Song choice: 4/5. From the same Innervisions album as Pia’s choice, this has enough of a swagger and a rock edge to put it in range for Lambert-Lite™. A great song to finish the show on. (Although I will forever associate this song with season five winner Taylor Hicks‘ purple jacket – see below.)
Performance: 3/5. Yet again, I am distracted at how much he resembles the love child of Matt Damon and Wayne Rooney. As a performance, this is good but not great. James is a real showman, and he keeps the screaming in check again this week, but it never quite takes off the way I was hoping it would. In the context of the other performances, however, this is more than solid enough.
I think sometimes it takes a little bit of being crazy to make a difference in this world, and that’s what you’re all about.
Overall, after two fairly lacklustre weeks, this was pretty middle-of-the-road fare. None of the big favourites were particularly good and no one was downright awful. Indeed, a number of the more lightweight contestants – Haley in particular – upped their game. So, no stand-out performances which will live long in my memory and no one who managed to complete the holy trinity – weak singer, poor song choice, terrible performance – which are key components of a truly great Idol episode. And that is reflected in a narrow range of scores which saw me award everyone a middling mark between four and seven out of ten.
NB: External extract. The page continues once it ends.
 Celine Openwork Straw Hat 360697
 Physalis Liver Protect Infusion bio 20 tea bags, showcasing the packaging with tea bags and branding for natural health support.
All of which leads me to think that maybe this is the one week we typically get every season some time before the top seven where one of the favourites surprisingly slides into the bottom three, serving as a wake-up call for both them and the voting public. For sure, I think we are going to end the monopoly the girls have had on the bottom three so far. Off the back of a stronger performance this week, I can see Haley avoiding the Stools of Doom™, while the likes of Stefano and Thia continue to flirt with danger.
Anyway, here are my predictions for the public vote.
Safe as houses: Jacob, Lauren, Scotty, Pia, James
Sliding backwards: Casey
Stuck in the middle: Stefano, Haley
Bottom three: Thia, Paul, Naima
Going home: I’d like to say Paul, but I suspect it will be Thia despite her improved showing.